Ahhh, I never thought about that aspect. Ok, now this makes sense, and I'm on board for that at least.

But it's a main reason I won't subscribe to Gametap but love Steam...because once you stop paying Gametap, you can't play the games. But Steam...you can play them on any computer you install them on

Hotcod
07-09-2009, 12:42 PM
This is rather cool, it looks like it can be done with out needing much new tech and a whole load of other crap. I've been sceptical but hopeful about onlive as i think cloud computing is the next big step we have to take and anything that starts using that is useful. Onlive plans on exploding it wide open, which is far less likely to work than this which looks to try and just do enough to get it working

J Arcane
07-09-2009, 02:03 PM
Ahhh, I never thought about that aspect.
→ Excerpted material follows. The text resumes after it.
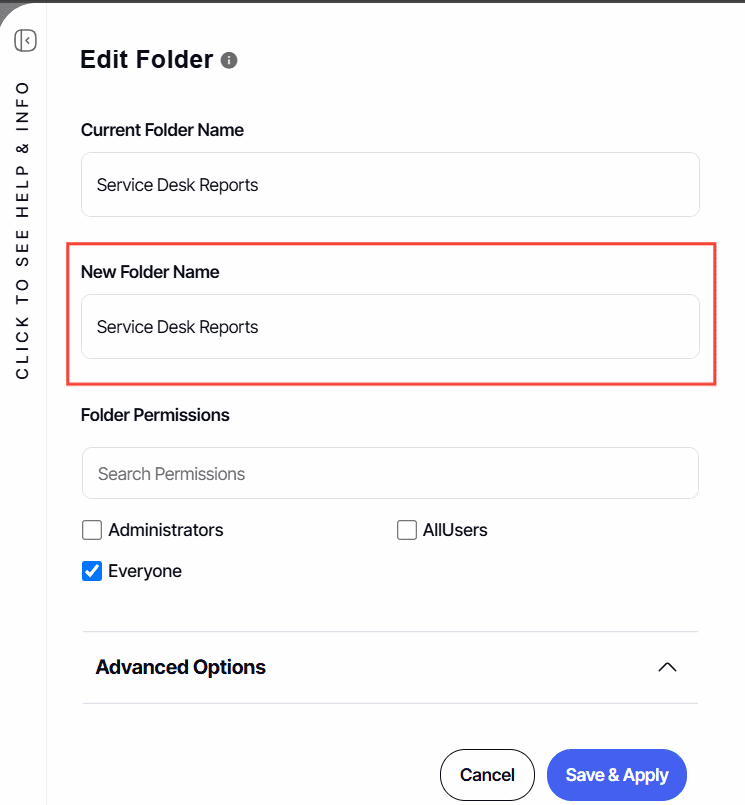 A screenshot of a computerAI-generated content may be incorrect.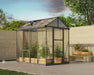 Canopia_Greenhouses_Glory_6x8_Grey_Multiwall_Main_3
Ok, now this makes sense, and I'm on board for that at least.

But it's a main reason I won't subscribe to Gametap but love Steam...because once you stop paying Gametap, you can't play the games. But Steam...you can play them on any computer you install them on
Assuming you that computer can run it, that is. This would run on almost every computer currently in production and most of them produced in the last at least 5 years.

Also, Gaikai isn't a subscription service like OnLive. It's a package deal for developers, hosting plus streaming tech, who can offer the games any way they like. Free to play, subscription, user ownership, whatever. All are possible, it's up to the developer.

Hawkzombie
07-09-2009, 02:13 PM
Assuming you that computer can run it, that is. This would run on almost every computer currently in production and most of them produced in the last at least 5 years.

Also, Gaikai isn't a subscription service like OnLive. It's a package deal for developers, hosting plus streaming tech, who can offer the games any way they like. Free to play, subscription, user ownership, whatever. All are possible, it's up to the developer.

Now it's starting to make more sense. Ok, for some reason I figured this was a tech demo of what THEIR service was going to be like. But opening the doors to allow developers and publishers to do this is something that can be very positive in the future.

And for me, at least, when I buy a game I make sure I can run it on my system. It goes back to physically owning it in some fashion (either discs, or media on my HDD)...but streaming I can't play offline.

Karak
07-10-2009, 02:14 PM
I can honetly say. This is exciting. I just can not believe how cool it is and how well it works even in alpha like this. Good luck to him.

RandoM51
07-10-2009, 09:50 PM
It is interesting how computing repeats itself. We went from dumb terminals to distributed systems and we're on our way to dumb terminals again.

J Arcane
07-10-2009, 09:54 PM
It is interesting how computing repeats itself. We went from dumb terminals to distributed systems and we're on our way to dumb terminals again.
And pretty much for the same reasons: It's cheaper.

RandoM51
07-10-2009, 10:45 PM
And pretty much for the same reasons: It's cheaper.